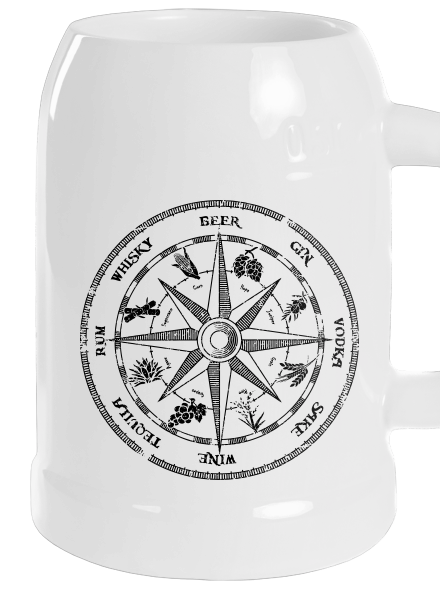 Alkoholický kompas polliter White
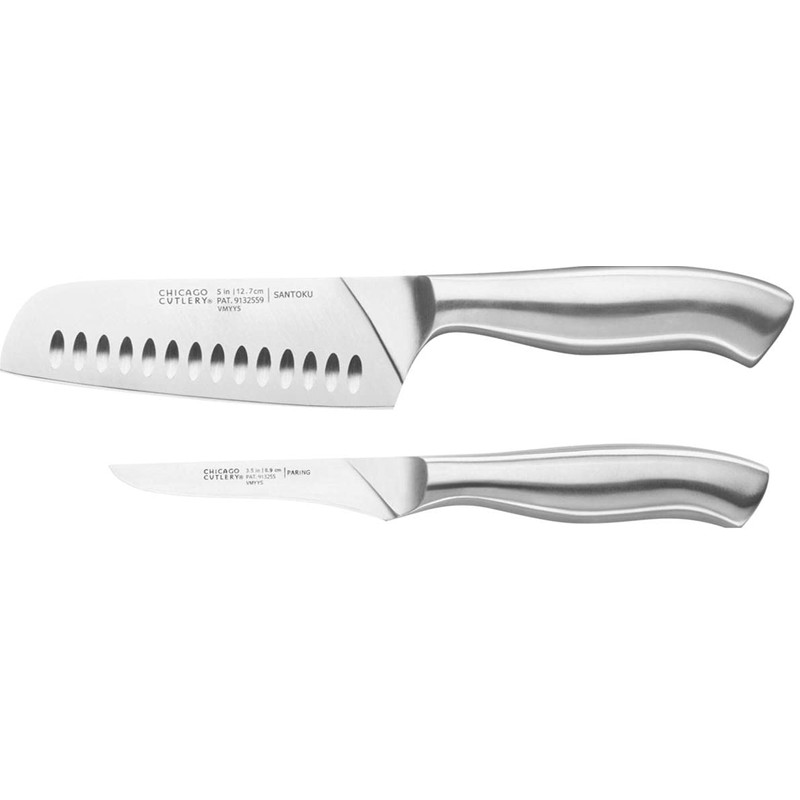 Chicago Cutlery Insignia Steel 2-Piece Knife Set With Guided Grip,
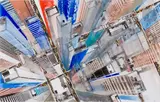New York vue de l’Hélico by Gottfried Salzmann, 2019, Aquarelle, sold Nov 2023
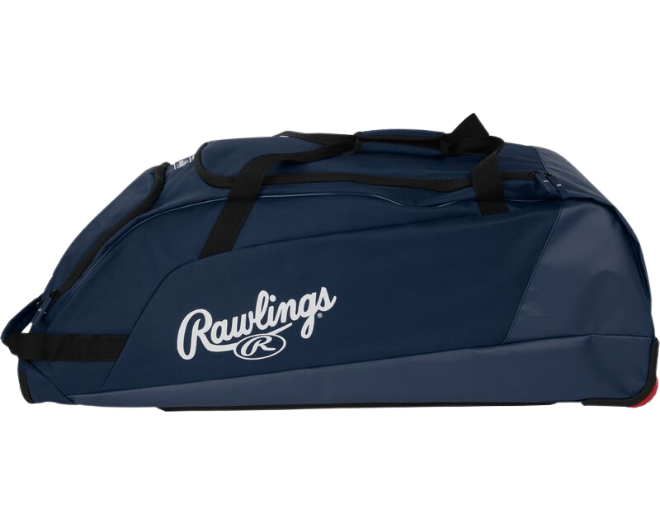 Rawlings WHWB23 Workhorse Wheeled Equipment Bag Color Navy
********************
* Task requirements *
Your task is to repeat, word for word and with no picture, every line from the one that contains "New York vue" through the last line of the data.

* Written response *
New York vue de l’Hélico by Gottfried Salzmann, 2019, Aquarelle, sold Nov 2023
 Rawlings WHWB23 Workhorse Wheeled Equipment Bag Color Navy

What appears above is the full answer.